Petroleum Division had earlier directed the Oil and Gas Regulatory Authority (Ogra) to ensure availability of adequate stocks of crude and petroleum products (MS, HSD & LPG) in the country to avoid any supply disruption. The import of said products may also be tracked for timely deliveries given the emergent security situation in the gulf region.

The government on Friday had also assured the nation that Pakistan holds ample crude and petroleum product stocks and there is no cause for panic despite the emerging security situation in the Gulf region.

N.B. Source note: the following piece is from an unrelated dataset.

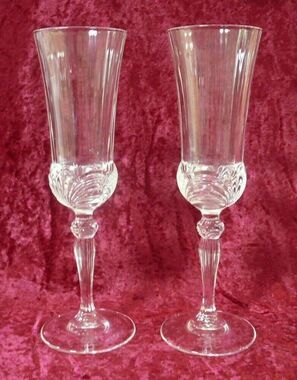 RCR Royal Crystal Rock 2 Fluted Champagne Glasses Aurea 8 1/2" Italy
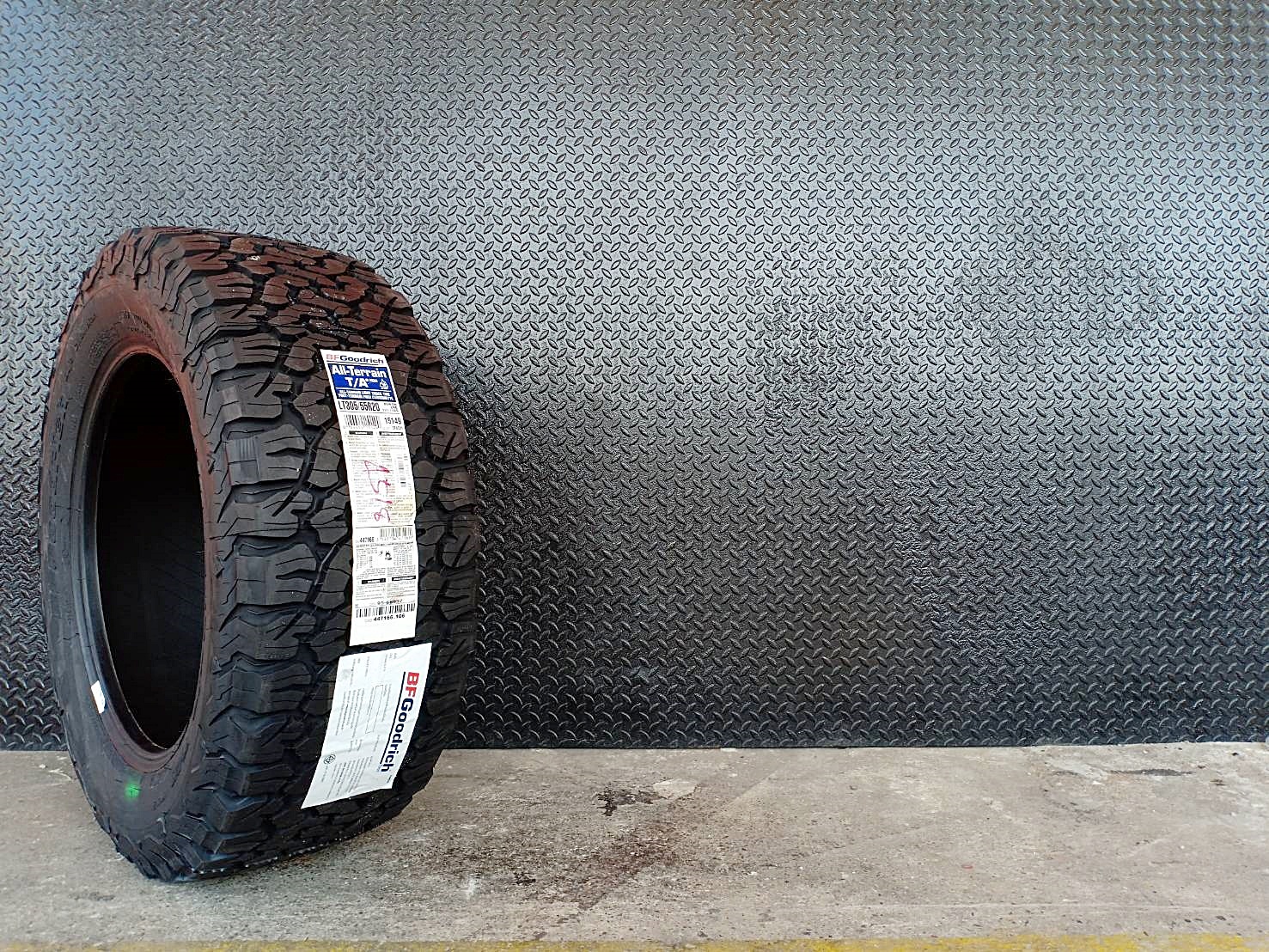 BFGoodrich KO2 305/55R20 ยางออลเทอร์เรน ปี18 MADE IN U.S.A.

The assurance came during a high-level meeting jointly chaired by Federal Minister for Petroleum Ali Pervaiz Malik and Federal Minister for Finance Muhammad Aurangzeb. 

The State Bank governor assured that there would be no delays in oil-related payments, enabling refineries and oil marketing companies to continue smooth import operations.

Oil markets had shifted focus to supply risks. OPEC+ had considered a significantly larger output increase following the oil supply threats.

Oil producing countries could increase production by 411,000 barrels per day in April, tahtwas triple the previously expected 137,000 bpd. The entire production could jump to a possible 548,000 bpd.

Saudi Arabia and the United Arab Emirates have already hiked exports in anticipation of disruption. Saudi crude shipments reached near three-year highs in February, while UAE Murban exports were set to rise in April. Combined exports from Iraq, Kuwait, and the UAE were going higher.

Iran produces around 3.3 million barrels per day and exports more than 2 million bpd. China is a key importer of oil from Iran. 

Industry officials say that oil prices could jump manifold in the coming days if the OPEC countries do not increase production. The demand supply situation could create shortage and price hikes in the country.

Saudi Arabia is the world’s largest oil exporter that typically accounts for roughly 14–15% of global crude petroleum exports. 

Industry officials say that the production cost of oil by these two countries-Saudi Arabia and Iran are cheaper compared to the other countries.

Therefore, they had the ability to disrupt the oil market. So, the distruption of oil from Iran could even result in higher oil prices and shortage of fuel products across the globe.